The Mansion of E by Robert M Cook :: background information
Amorphous Ball of Light/ABOL: energy being, believed to be sentient and highly intelligent.
Biters: little creatures resembling 3"-high Gobules (q.v., to whom they are distantly related) with horns or antennae. Baby Gobules resemble these but without the antennae.
Boogiemen:
Bugs: the Nomes (below) speak of an intelligent race they call Bugs who were wiped out in a war, and may well be Ettins (below) under another name.
Demons: very strong and physically dense, often malevolent creatures who are refugees from a dimension where they are under constant threat - some are quite humanoid, others more like isopods. The most human-like ones of all, who can pass for human except for their pointed ears, come from Zark, the others from Fratz.
Djinns: like demons but more subtle and less violent, and capable of granting great boons. Come from Zark, and look fairly human above the waist, with the lower body tapering away into a thin stringy extension.
Ecadems: rare in the Basement as the result of some kind of disaster,
Ettins: an ancient, long-dead race with superior technology, who kept other sentients in a kind of zoo in the basement under the Mansion of E, and had two brains. Flashback silhouettes suggest that they were 15-20ft tall, and the one individual we have seen in colour was a pale terracotta shade. They were roughly bipedal and had long upright heads which were very wide at top and nearly as wide at the bottom with a narrow "waist" in between, and with three jointed antennae on the top of the skull, lipless mouths and slits for nostrils. They had tentacles for arms, and thick trunk-like "legs" which each consisted of a bunch of three tentacles grouped together, and they seem to have shimmied along on their "bottoms" with their leg-tentacles spread out rather than standing up on them. All tentacles ended in a bunch of dextrous fingers, and the antennae on the head terminated in little bulbs which were magically active in some way.
Eyebolts: tubby short-legged man-sized bipeds without heads: their brains are between their shoulders, their mouths (with quite human-like teeth) and nostrils are on the front of their chests and their long "necks" terminate in a single enormous eye and a small pair of antennae ending in round blobs: male antennae consist of two straight sections jointed in the middle, while female antennae come as a single piece which curves down towards the end. Individuals are differentiated by the patterns of coloured rings around their necks.
Ferns: large, intelligent, fairly friendly carnivorous plants resembling Audrey in Little Shop of Horrors.

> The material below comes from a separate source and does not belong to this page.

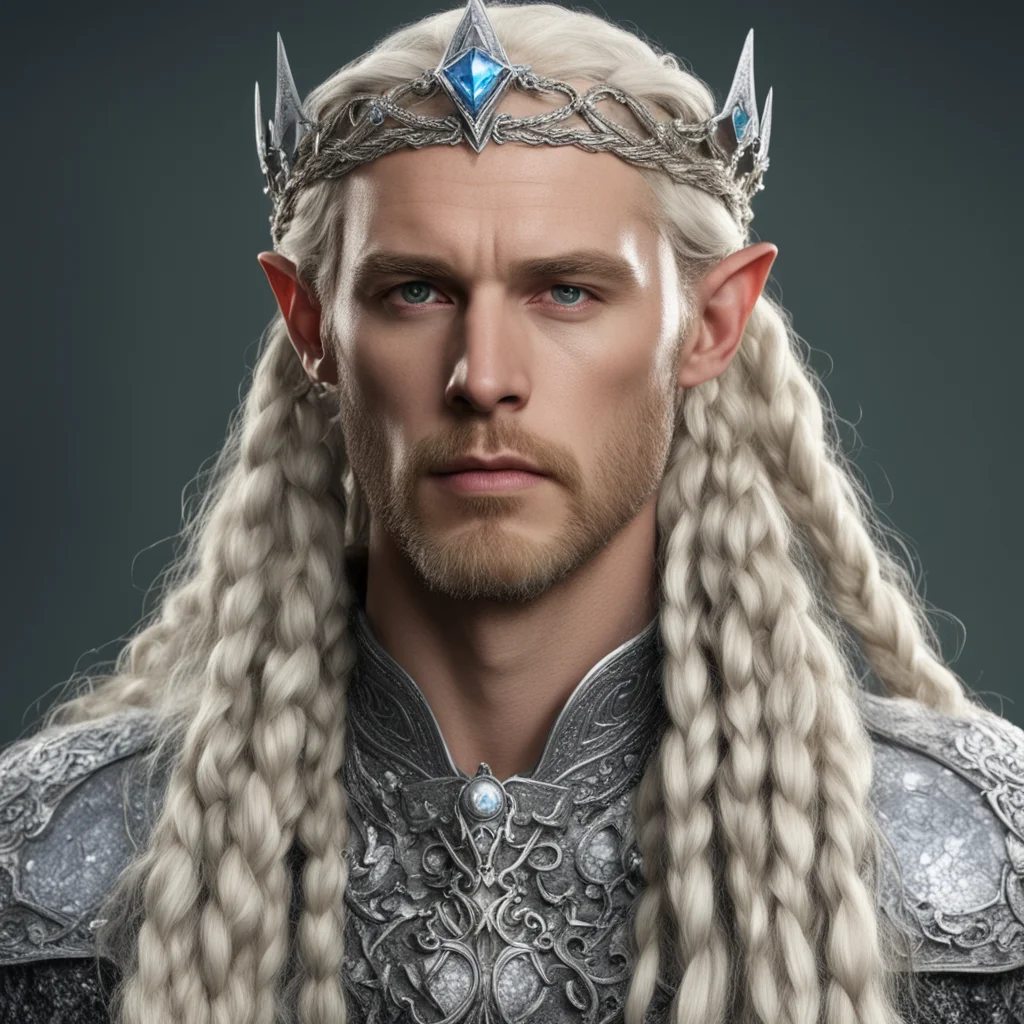 king oropher with blond hair and braids wearing silver serpentine elvish circlet encrusted with diamonds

Fixits: artificially bred creatures resembling Pilgrim or Leprechaun hats, with a single eye concealed in the "buckle", retractable antennae poking out of the crown of the hat, and four legs and a set of jaws hidden under the brim. Female Fixits are usually pink, and have curlier antennae than the males. By sitting over the brain-cases of other sentients and attaching their probe-like feet, they can commune with them mentally and often take them over and use them as zombie mounts.
Fuzzes: tiny intelligent predators, the smallest of whom are about 2" across, looking like hairballs with eyes and teeth and tiny hands and feet. There is a similar, bigger creature, ranging from around 6" high up to about guinea-pig size, which may just be a fully adult or giant race of Fuzz. One of the large Fuzzes we see sings in notes tinged with rainbow magic. They seem quite primitive but we do see one wielding a studded club, left, and another carrying a flaming torch. The folk hero Frizzlegarb appears to be a large Fuzz - or at least, there is a large Fuzz named Frizzlegarb, who wears a hat and a rucksack and seems quite intelectually and culturally sophisticated. Thwere is a suggestion that he is living in the future relative to the main strip.

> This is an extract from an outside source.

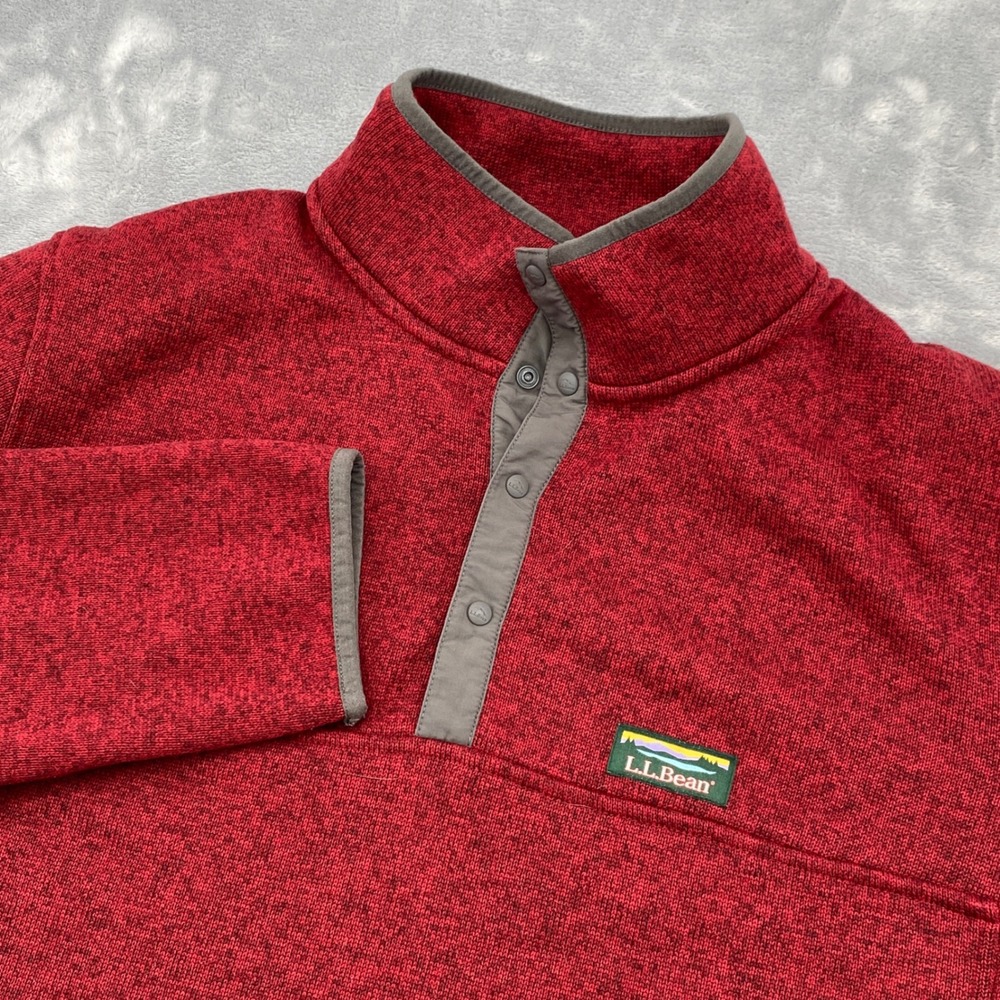 LL Bean Mens XL Tall Red Heather Sweater Fleece 1/2 Snap Pullover 502793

Gargoyles: these are manufactured or artificially-bred, temperamentally shy winged creatures who are bound to the Mansion (or to similar Ettin constructions) and carry out external repairs. Among the things which Sylvester lists as being at roof-level are "gargoyle dens". There is an indication that they are sentient creatures who can read, because there's a door from the interior to the roof which has a notice on either side, on the inside saying "ROOF mind the gargoyles", and on the outside "NOT RooF MIND THE H8MANS".
Ghasts: human-sized, three-eyed humanoids made of slime-mould colonies, with a helmet-like top to the head. They look superficially identical but have hovering bits of ectoplasm ("Little Floating Things") which travel around with them and differentiate them, like heraldic badges or trademarks, and females have a little fleshy tuft above where their ears would be if they were human. Live on fungi which they are rumoured to lick off the walls, and reproduce in special breeding pools which can be set up in only a few specific locations.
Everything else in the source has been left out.